Instructions to follow
Reproduce from the records below, with no pictures, exactly the lines between the one containing "Elementi automatizacije i" and the one containing "自称贤者弟子的贤者第34话", inclusive.

[Records to process Boundary: Start]

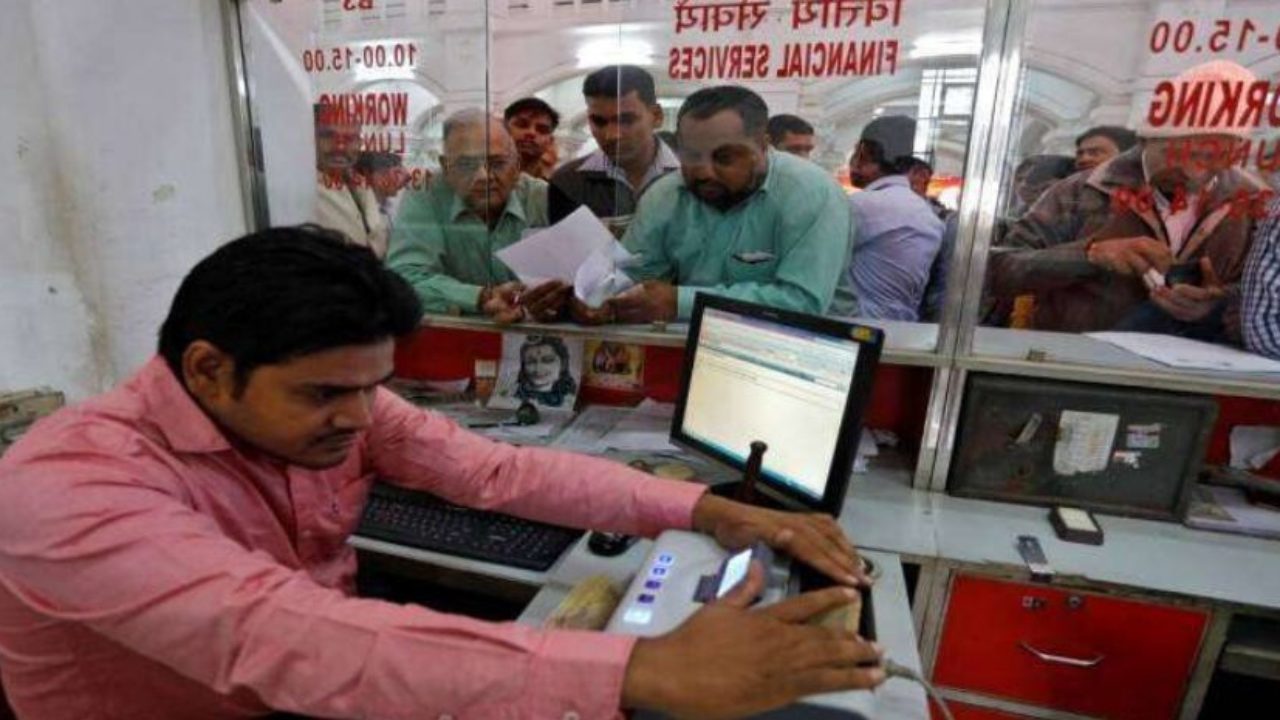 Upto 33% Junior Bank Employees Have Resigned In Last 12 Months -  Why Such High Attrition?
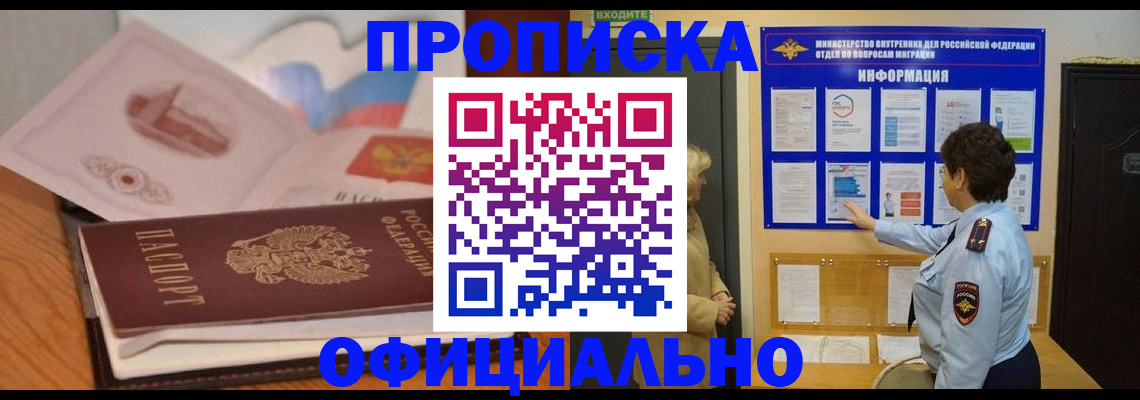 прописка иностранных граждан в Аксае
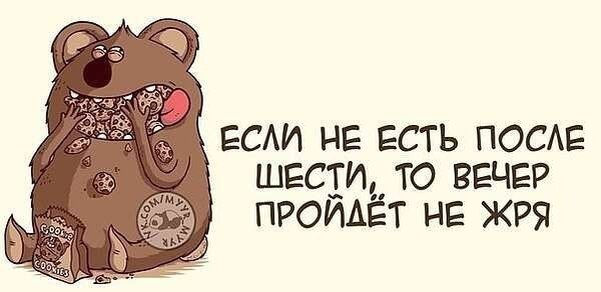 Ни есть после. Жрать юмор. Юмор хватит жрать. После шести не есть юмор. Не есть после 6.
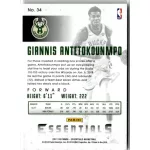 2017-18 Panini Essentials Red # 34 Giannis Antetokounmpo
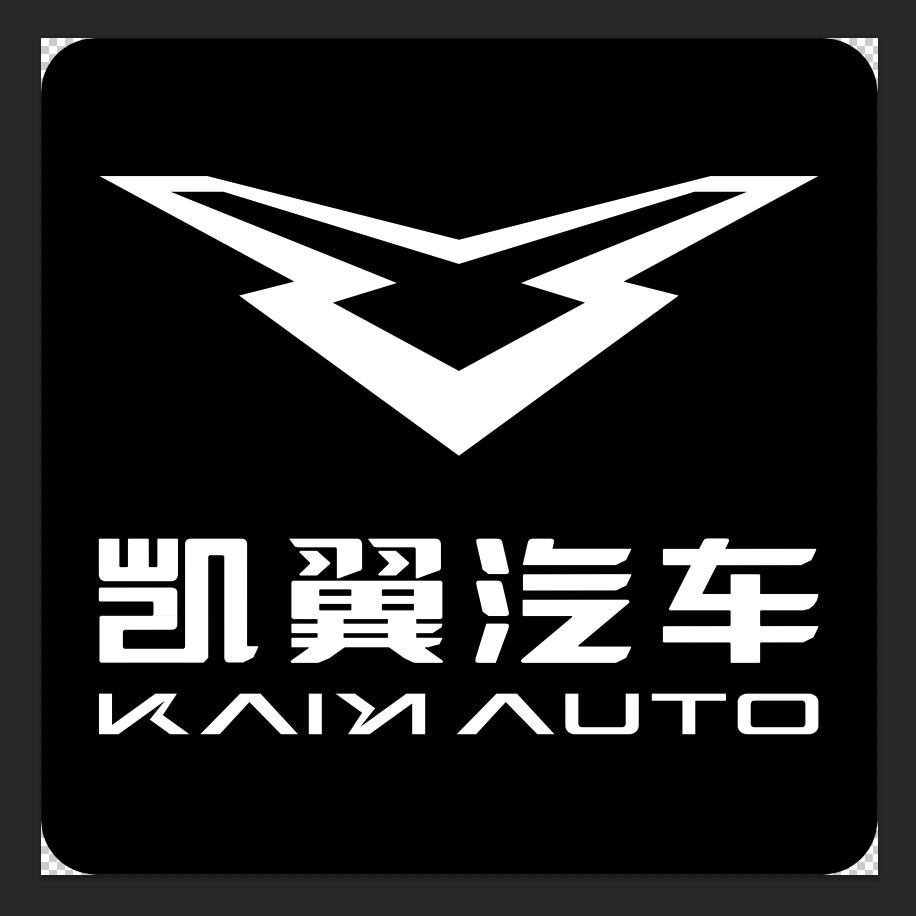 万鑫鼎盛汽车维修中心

[Records to process Boundary: End]
[Records to process Boundary: Start]

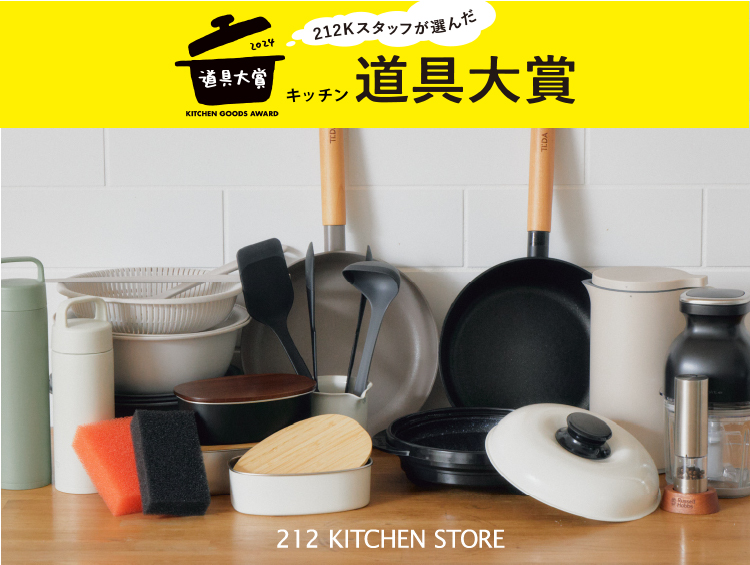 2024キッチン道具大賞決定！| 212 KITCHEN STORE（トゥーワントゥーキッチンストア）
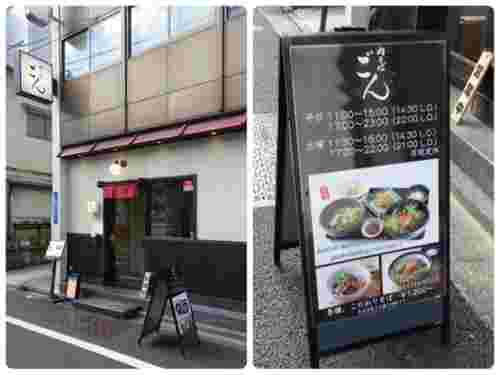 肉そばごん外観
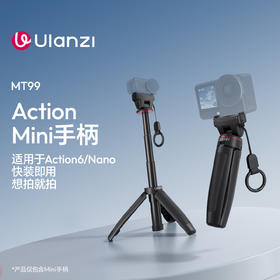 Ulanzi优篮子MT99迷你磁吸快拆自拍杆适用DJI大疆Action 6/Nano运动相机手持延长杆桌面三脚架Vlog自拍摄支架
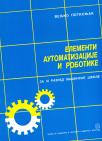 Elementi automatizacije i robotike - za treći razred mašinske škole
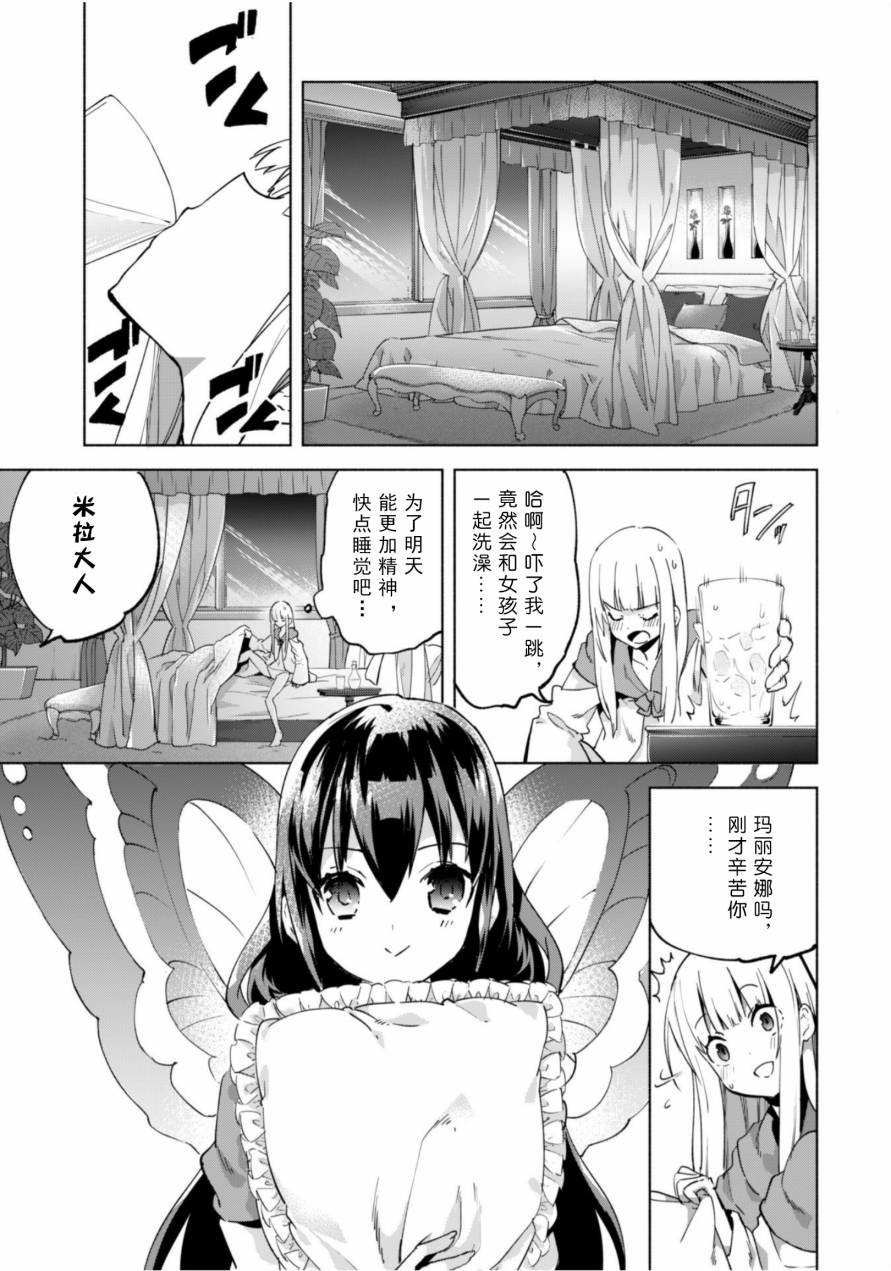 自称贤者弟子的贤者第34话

[Records to process Boundary: End]

Response below
 Elementi automatizacije i robotike - za treći razred mašinske škole
 自称贤者弟子的贤者第34话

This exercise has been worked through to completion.